## Directions
Retype exactly the span of lines below from the one with "Deurkruk Jura op" through the one with "Organza Dove blue". Do not include pictures.

## Records for this exercise
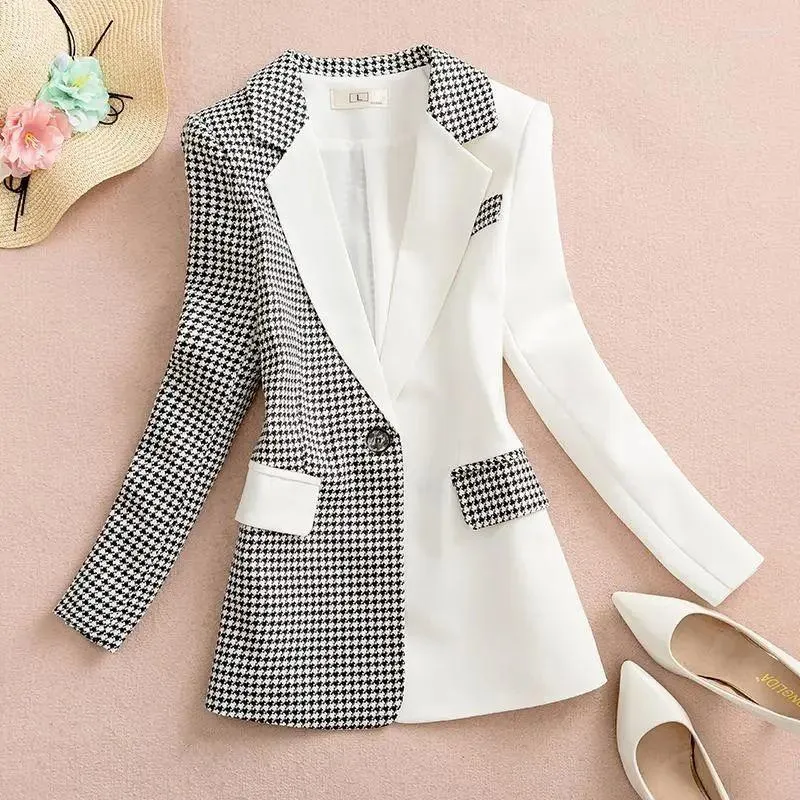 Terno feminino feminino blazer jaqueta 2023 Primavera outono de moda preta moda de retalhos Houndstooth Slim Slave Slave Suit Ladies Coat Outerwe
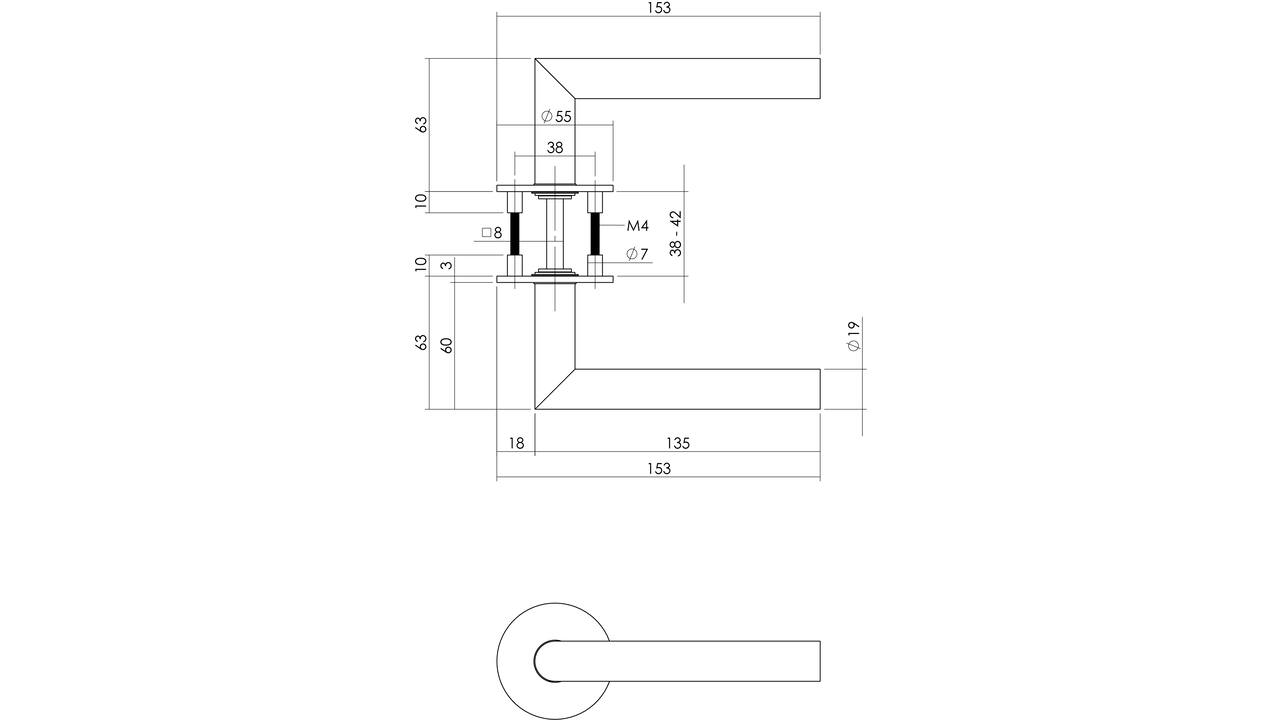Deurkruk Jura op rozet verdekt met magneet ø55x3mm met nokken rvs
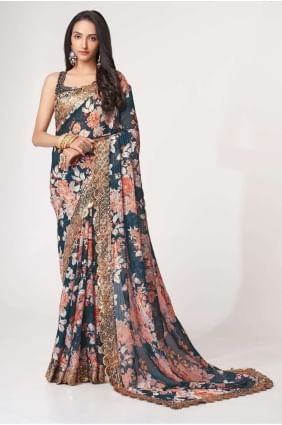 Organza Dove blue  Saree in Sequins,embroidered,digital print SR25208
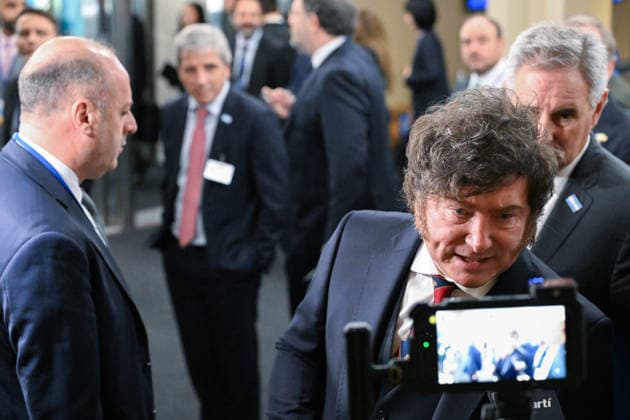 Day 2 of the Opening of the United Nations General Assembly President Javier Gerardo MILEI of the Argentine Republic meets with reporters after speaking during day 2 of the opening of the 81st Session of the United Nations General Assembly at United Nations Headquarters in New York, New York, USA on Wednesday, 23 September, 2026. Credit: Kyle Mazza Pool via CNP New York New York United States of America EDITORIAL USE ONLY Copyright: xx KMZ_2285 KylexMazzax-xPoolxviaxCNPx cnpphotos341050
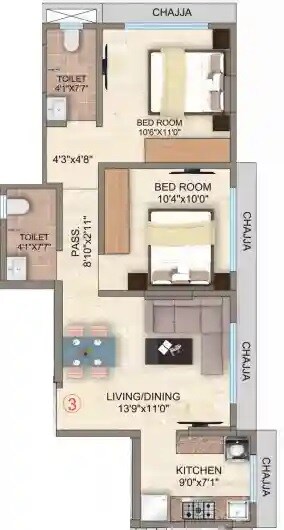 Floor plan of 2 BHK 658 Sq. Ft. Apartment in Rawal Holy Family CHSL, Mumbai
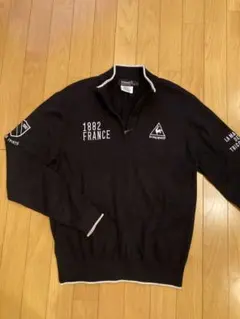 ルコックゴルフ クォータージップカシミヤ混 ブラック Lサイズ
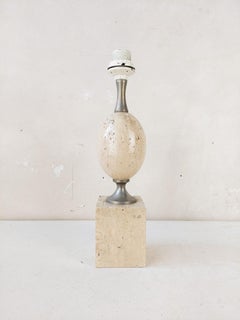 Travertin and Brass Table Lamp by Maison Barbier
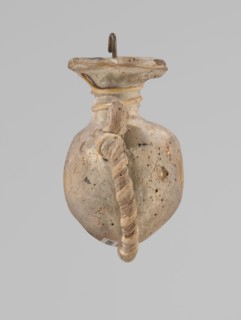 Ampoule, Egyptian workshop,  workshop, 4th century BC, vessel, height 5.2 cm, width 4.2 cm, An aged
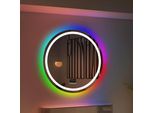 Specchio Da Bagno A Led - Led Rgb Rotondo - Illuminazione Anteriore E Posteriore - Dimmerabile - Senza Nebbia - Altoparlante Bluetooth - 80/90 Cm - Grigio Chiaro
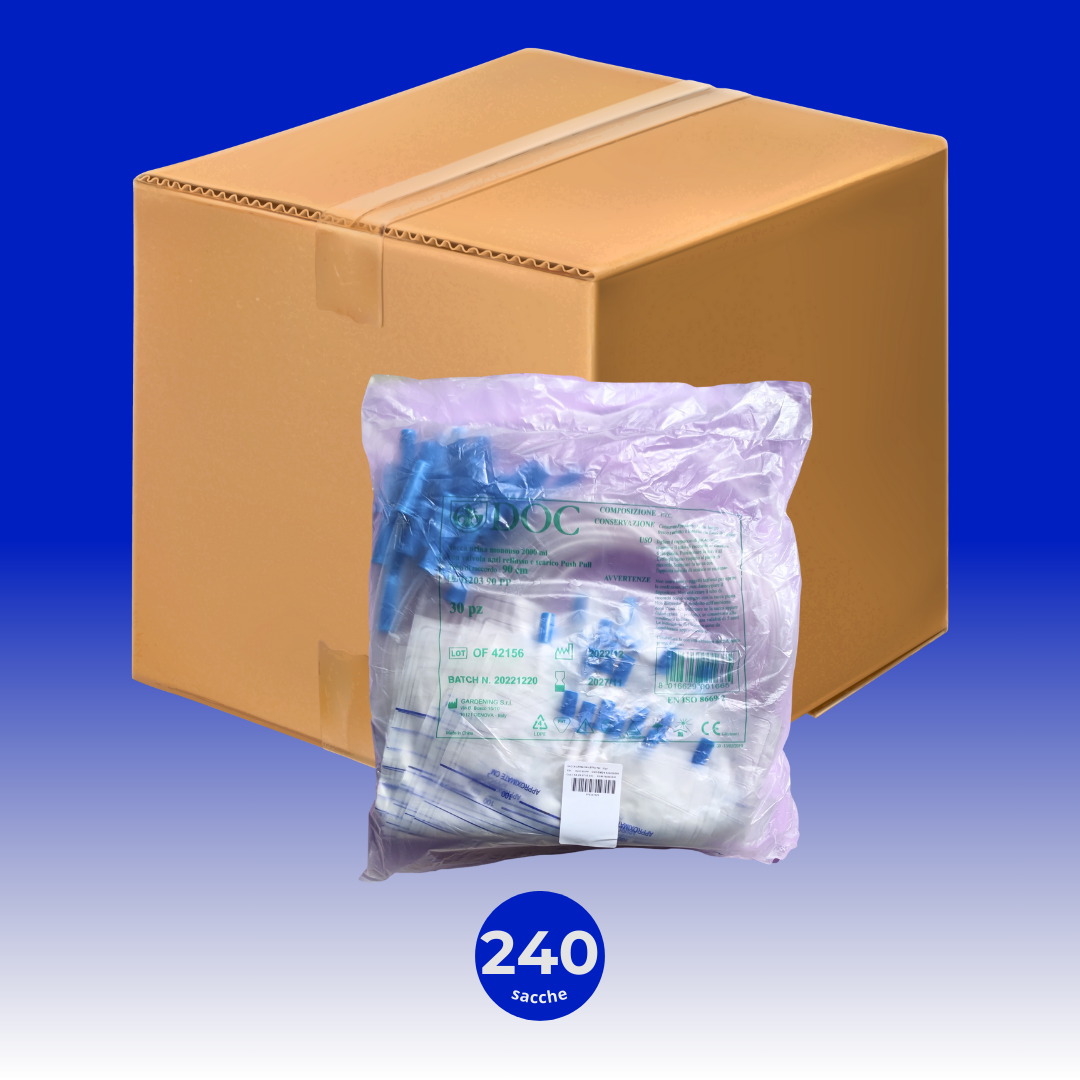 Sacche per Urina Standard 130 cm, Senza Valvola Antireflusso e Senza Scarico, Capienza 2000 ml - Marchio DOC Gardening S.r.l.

## Solution
Deurkruk Jura op rozet verdekt met magneet ø55x3mm met nokken rvs
 Organza Dove blue  Saree in Sequins,embroidered,digital print SR25208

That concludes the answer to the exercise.